> _Instructions for the task_
Transcribe the whole listing exactly; the images stay out.

> _Raw data_

::::

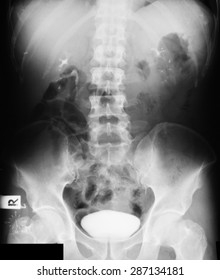 X-ray image of Intravenous Pyelogram (IVP), 27minutes post injection of contrast media.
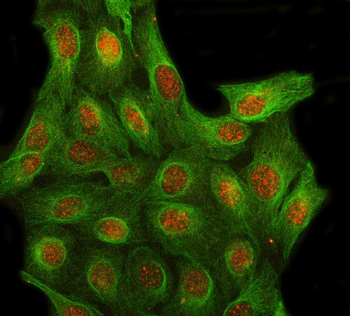 Anti-LRIT3 Antibody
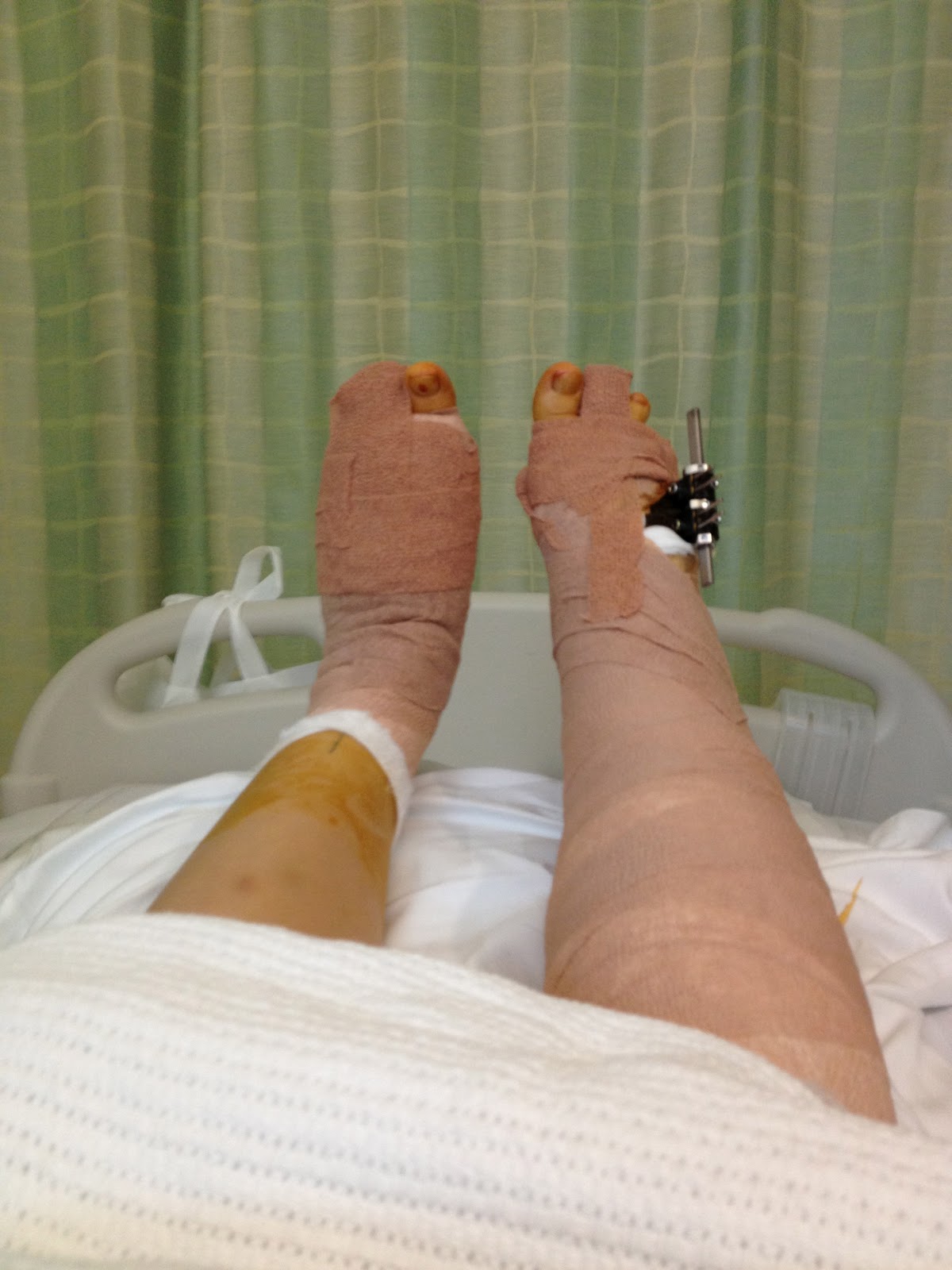 Living with Brachymetatarsia and coping with surgery Post Op.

::::

> _Exercise output_
 X-ray image of Intravenous Pyelogram (IVP), 27minutes post injection of contrast media.
 Anti-LRIT3 Antibody
 Living with Brachymetatarsia and coping with surgery Post Op.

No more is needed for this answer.